PS you can pry my caramel macchiato from my cold, dead, jittery hands.

It’s win-win: Starbucks keeps their most loyal customers loyal and likely uses the “unspent” money to subsidize the loyalty program.
I doubt they are able to use that money without it showing up as a loan (oversimplification).

While they get $25 in cash, they also get $25 in obligation/debt to you (eg: they owe you $25 in products). If you don’t use it, after a jurisdiction dependent time, it goes to the jurisdictions treasury (at least in some areas). Or in other words they can’t count that $25 as money they have until you the use credit.

It’s probably more complicated than this as I’m not an accountant.

I know that typically with gift cards the dollars fall into a "deferred revenue" account until they are actually realized as a sale against a product/service tied to an income account. You can say "We have X amount in deferred revenue" but can't actually show it as recognized until certain things happen (VSOE rules for software, etc).

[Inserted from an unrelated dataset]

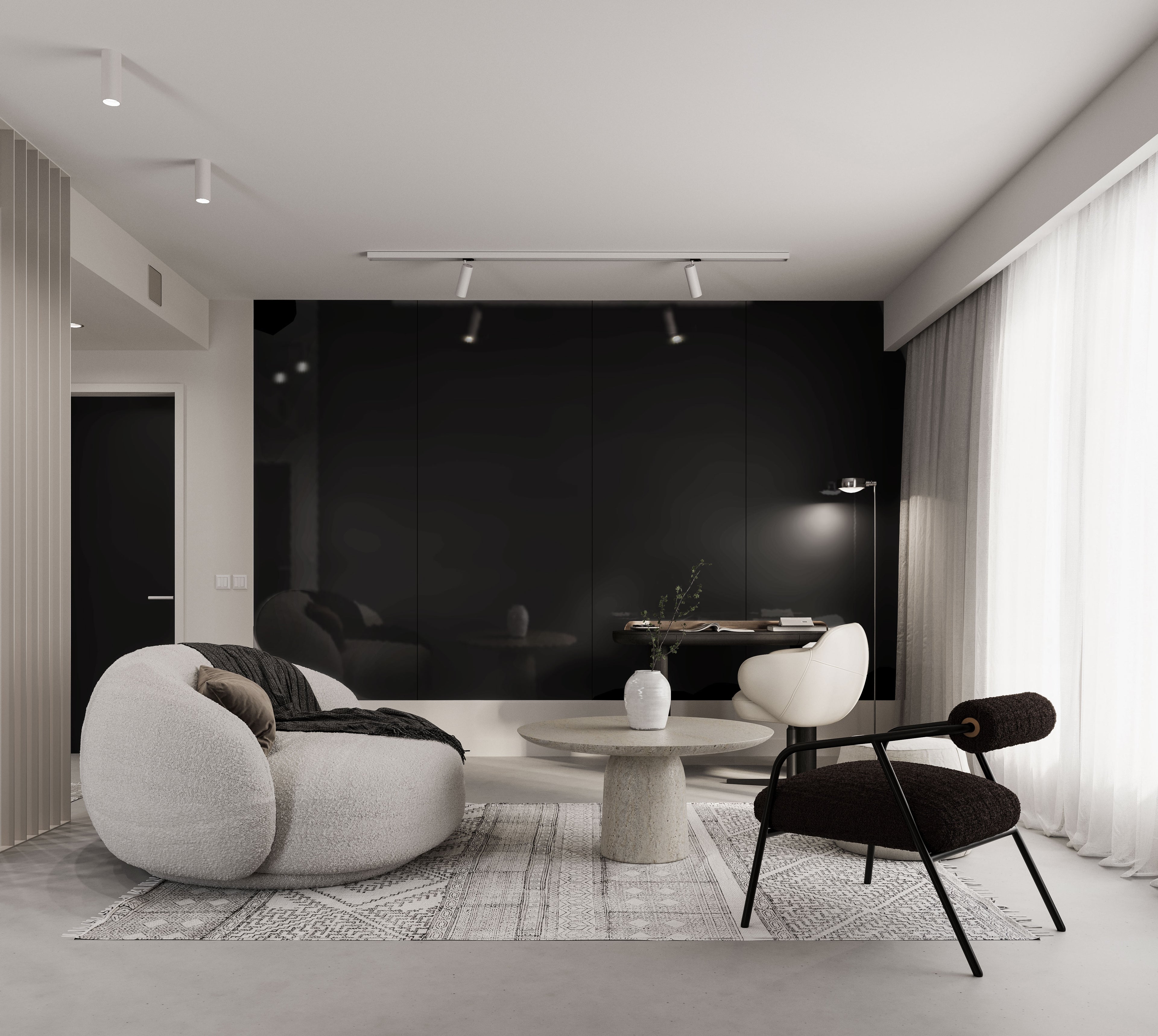 Noir Black 伦黑 567693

In the case of Starbucks I think it would be similar, though I'm not sure if using their app for payment qualifies as a "gift card" in the same sense or not.

I believe there are also different laws in different states and jurisdictions related to "breakage", e.g. some states don't allow gift cards to expire whereas others do, so in the latter you can forecast breakage upon set dates whereas in the former it's a lot harder to do because you basically "owe" a product or service indefinitely.

PS I am not an accountant but I've worked with a lot of them via backend billing systems implementation and development.